• _Directions_:
Everything from the line that contains "Primary Photo Of" to the final line of the data, both ends included, must be set down exactly, apart from the pictures.

• _Collected material_:
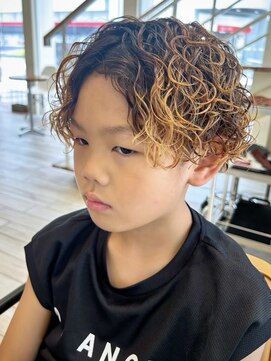 クラップス 横須賀中央店(CLAPS) 波巻きスパイラルパーマツイストスパイラルパーマセンターパート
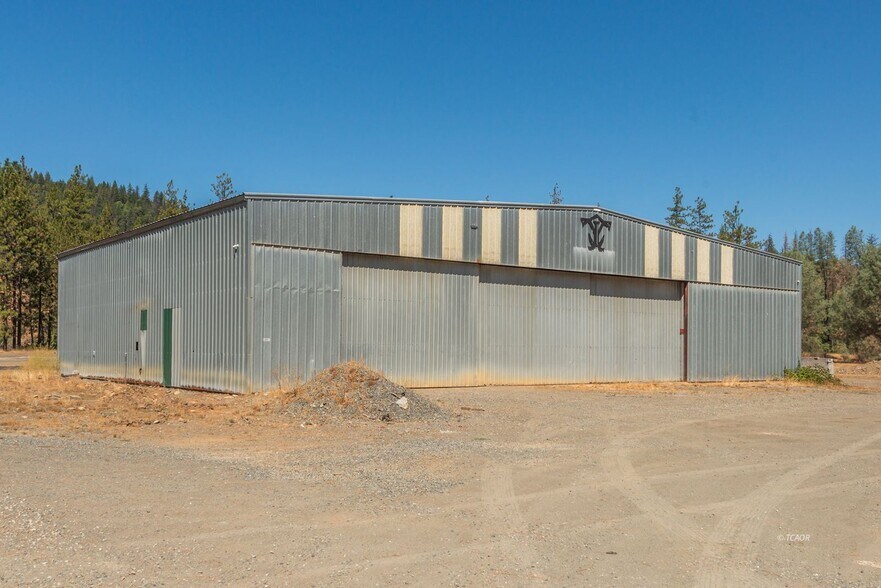 Primary Photo Of 30661 State Highway 3, Douglas City Auto Repair For Sale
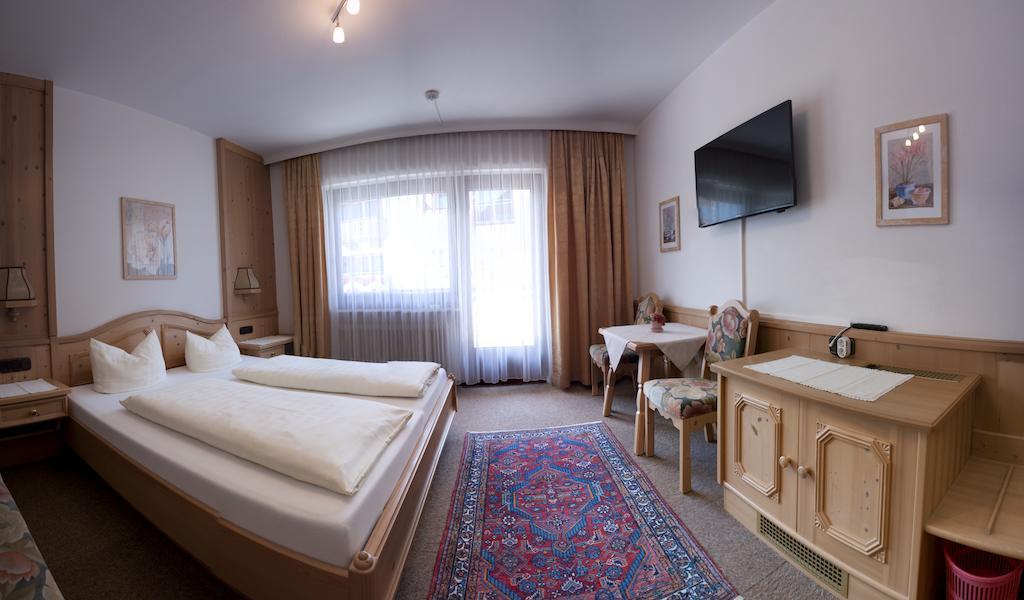 Hotel Garni Jennewein Mayrhofen Pokój zdjęcie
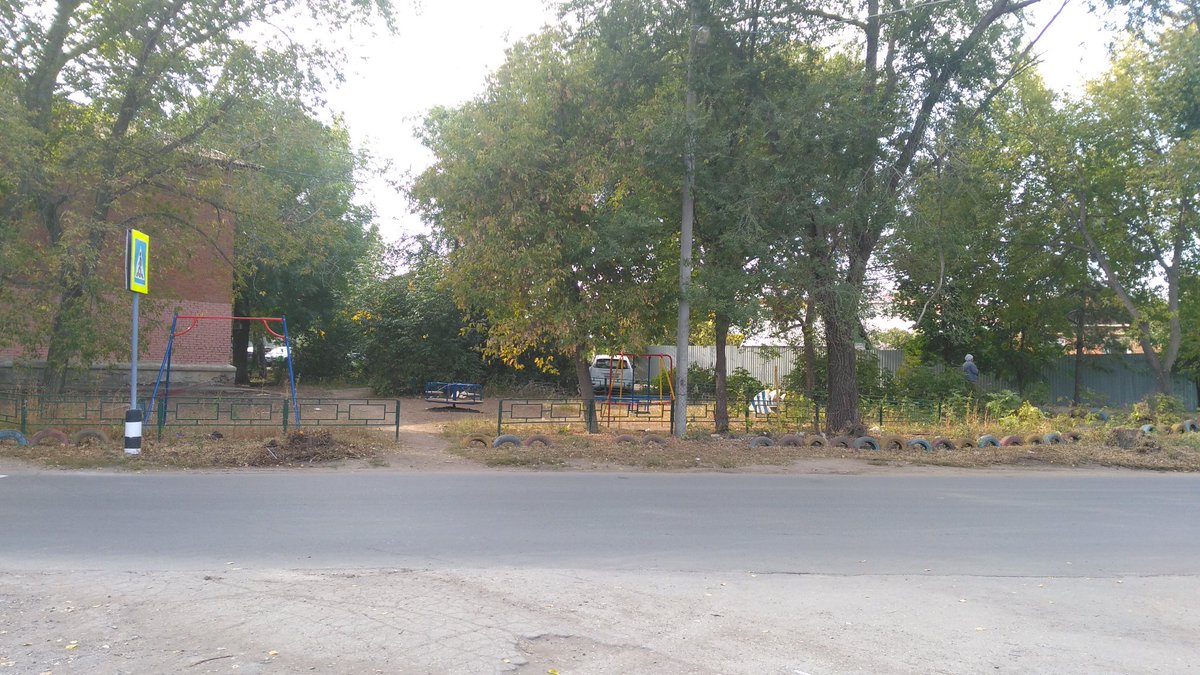 Покосили траву возле детской площадки на ул.  Черемшанская,  д. 128 🙌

• _Exercise result_:
 Primary Photo Of 30661 State Highway 3, Douglas City Auto Repair For Sale
 Hotel Garni Jennewein Mayrhofen Pokój zdjęcie
 Покосили траву возле детской площадки на ул.  Черемшанская,  д. 128 🙌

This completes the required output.